【画廊探訪 No.047】過去にも未来にも跳ぶを拒んで――吉川雅基作品に寄せて――
過去にも未来にも跳ぶを拒んで―――吉川雅基作品に寄せて――
襾漫敏彦
それは、ひとつの衝撃(インパクト)である。存在の圧力、模写を超えようとするいきどおりであろう。
吉川雅基氏は、雪深き地に生まれた日本画家である。元来、現代美術に志しながらも、その手法は、襖等の表具に根ざす所も感じられる。北陸に展開した加賀藩の伝統にも通じるのであろう。

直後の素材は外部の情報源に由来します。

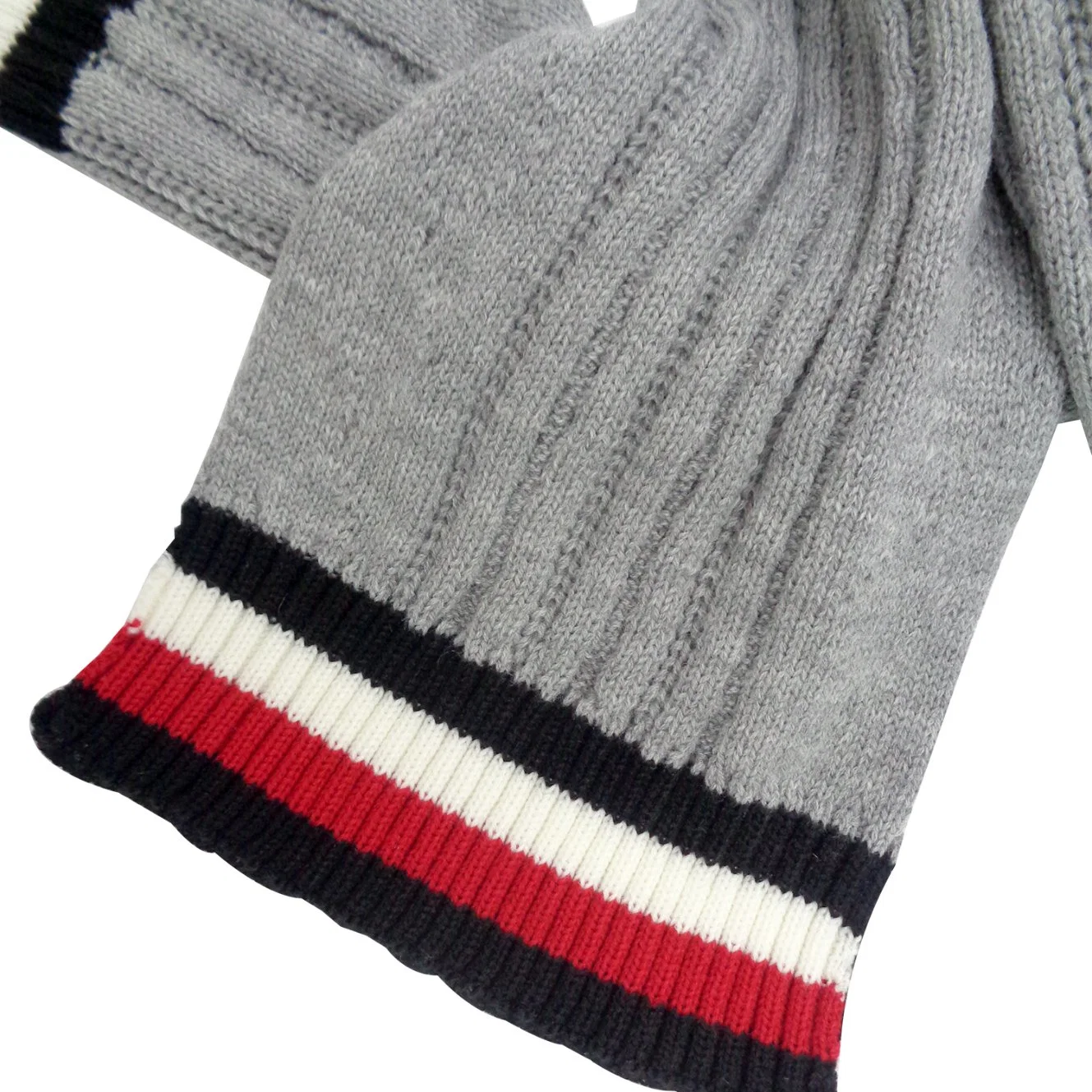 Custom Winter Warm Women Knitted Jacquard Stripe Scarf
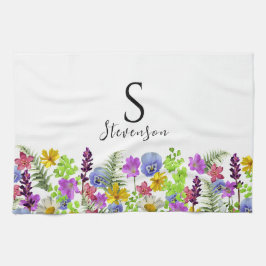  Wildflowers Aangepaste naam en Monogram Theedoek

しかし、あの地鳴りと津波は意識を一変させる。彼はその地に立ち、実際に現れているものを前にする。事実は、既に動かない。現象は、そのまま実在である。理念や理想というものが、いかに軽く薄いものであったか、ありのままの世界に戻っていったのであろう。
彼は、今、闇とでもいうべき黒い漆を画布の全面に施し、その上から銀の箔を押しつけていく。彼は、そのようにして、あの日以来、取り残された骸の如き風景を写生していく。作品は、丁度、モノトーンの写真のようであり、現像液の中で浮かびあがったのは、凍結された時間の影かもしれない。
吉川氏は、物体のない虚空の部分を銀箔で描出し、実在する物を黒い余白として表現する。それは、木版やメゾチントに似た技法であるが、彼が箔を押す虚空は人の様々な営みの欠片が満ちていた空間である。意識してか、せずか、丹念な作業は、過去への自惚れも、未来への盲信も拒絶する念仏や止観の行のようでもあり、南の島に残る骨洗いのふうぞくのようでもある。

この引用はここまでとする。